We’ve played them enough now that I don’t have to make any 1992 references. And we’ve often been better than they are: from 2017 to 2020, we played 15 games against them, and we went 10-5. This year, though, we’ve been headed back towards .500 in a hurry, as we’re 0-4.

Snit tried to squeeze just a bit too much from his starter. Bryse Wilson is built like a bulldog, but he pitches like a hothouse flower. I’m being unfair to Bryse, who had a perfectly good day at the office, giving up just two runs in six innings. But his first five innings may have been his best of the year, as he got four strikeouts while giving up no walks and just four singles, facing just two batters over the minimum. If he could do this every time out, he’d be great.

But if his performance from the first through the fifth was a wonderfully welcome surprise, his performance in the sixth inning was sadly right up to his usual standard. It wasn’t a pitch count thing: he needed just 64 pitches to get through the fifth. But right out of the gate in the sixth, he just didn’t have the feel or the command he had had in the earlier innings, and he was not going to be able to carve up the heart of the order a third time.

After inducing a groundout from the pitcher, he threw two quick balls to leadoff hitter Marcus Semien, who singled.
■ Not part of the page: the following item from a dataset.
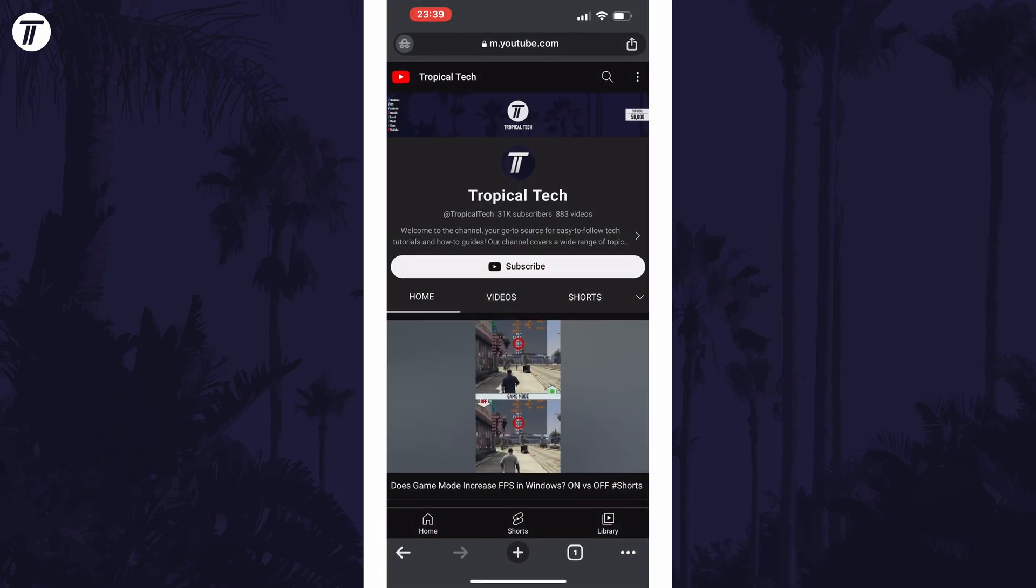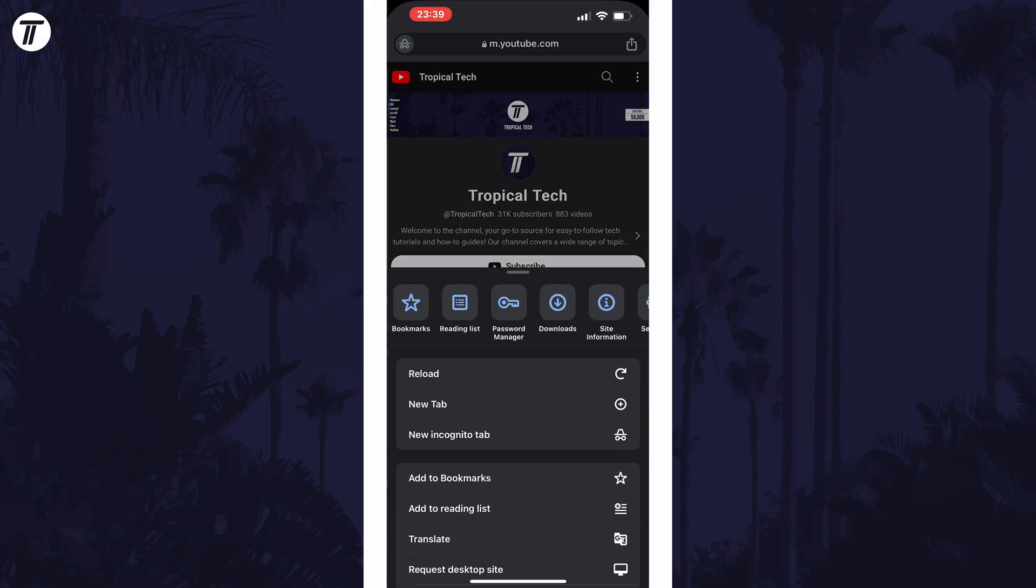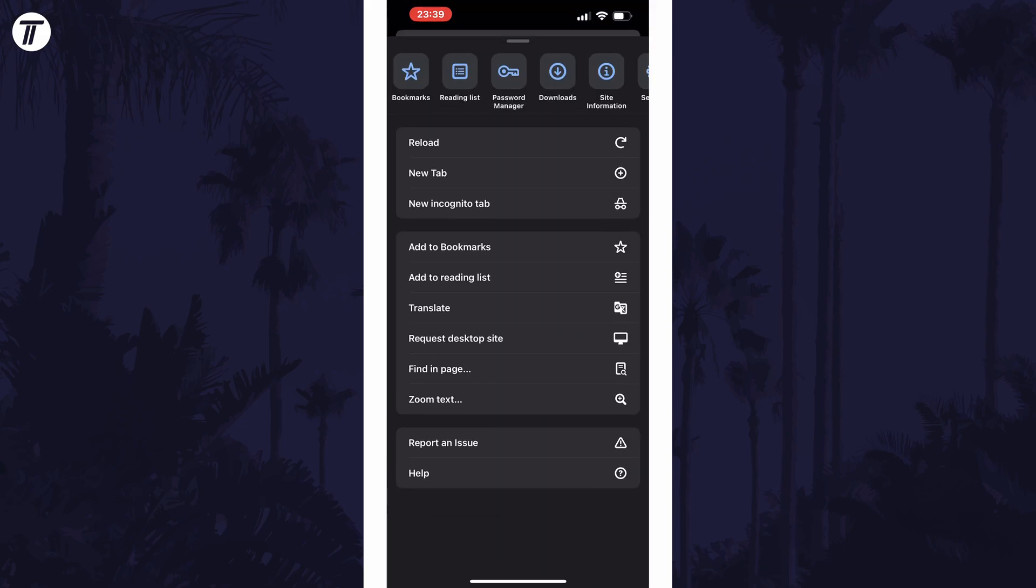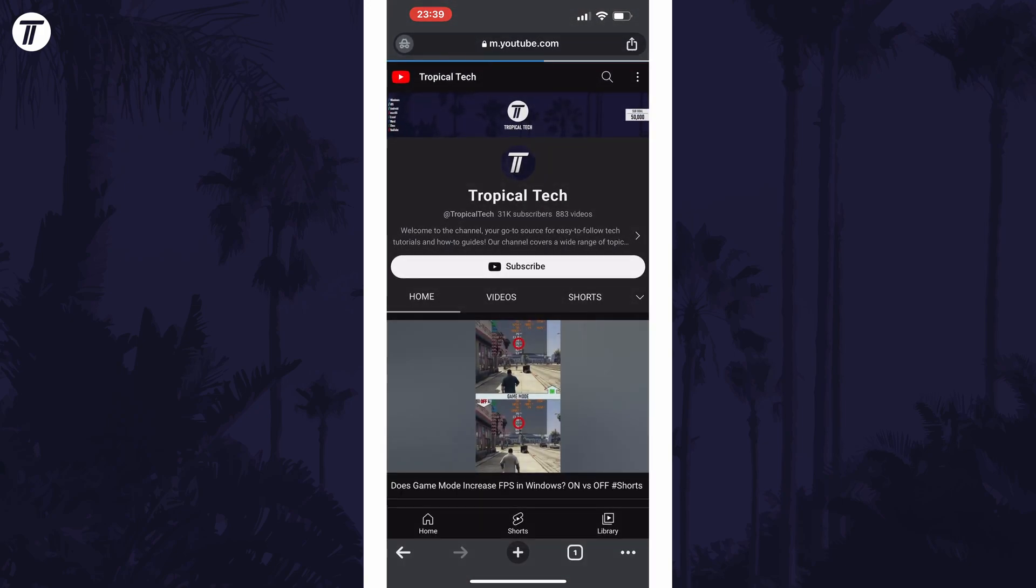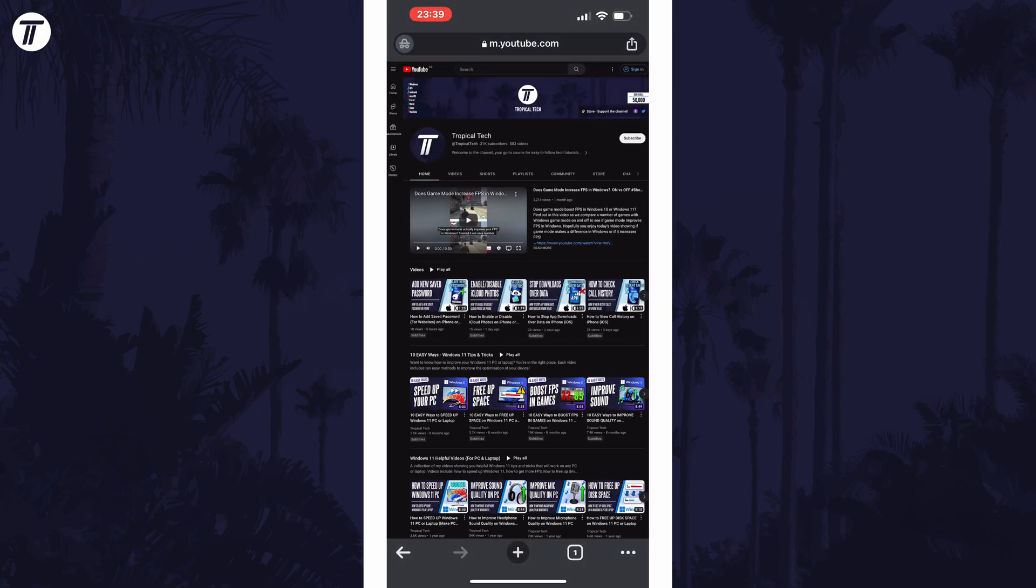Now tap on the three dots icon in the bottom right and scroll down until you see request desktop site. All you need to do is tap on that to force the desktop site. You can use the same method to change it back to requesting the mobile site.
After groundout by Bo Bichette, Vladimir Guerrero strode to the plate, and he thumped an opp0site-field homer, and the next batter, Teoscar Hernandez, hit a soft single, before the free-swinging Randal Grichuk finally bailed Wilson out of the inning.

Vladito’s thump cut a 3-0 lead into a 3-2 lead. But Tyler Matzek twirled a clean seventh, and the Braves would have a win if Minter and Smith could just get six outs. Nope.

I’ve been worried about Everyday A.J. for a while. He came out and immediately had trouble finding the zone, with the troublesome top of the order up once more.

Minter gave up a double to the leadoff man, then induced a tapper to the mound from Marcus Semien. But after looking the runner back to second, he double-clutched and decided to try to get the out at second rather than taking a sure out at first. Result: two men on, no outs. A sharp single followed, and the Jays moved station to station, with Vladito coming to the plate once more. He got a single, the Jays moved up a single base, and it was a tie game with the bases juiced and no outs.

Snitker, apparently feeling he had no better options, went to Jacob Webb.

Jacob Webb immediately induced the second soft infield tapper of the inning, but for the second time in a week, he failed to cover his base, and Freddie had nowhere to toss the ball for an out — once again, the Jays took a free base and a run, only this time the box score called it a single rather than a fielder’s choice.

Webb gave up one more Grybo after that, sandwiching a strikeout and two inning-ending flyouts around a bases-loaded walk to bring in the fifth run. It was 5-3 in the eighth, and Pablo Sandoval can’t hit a two-run pinch homer every game.

Ozuna and Acuna both homered, and Freddie went 1-3 with a walk. In the first four spots, Acuna, Freeman, Ozuna, and Albies all reached safely, suggesting that the offensive deep freeze of the latter three may finally be thawing. Three runs ain’t much, but if they’re all hitting, more will come.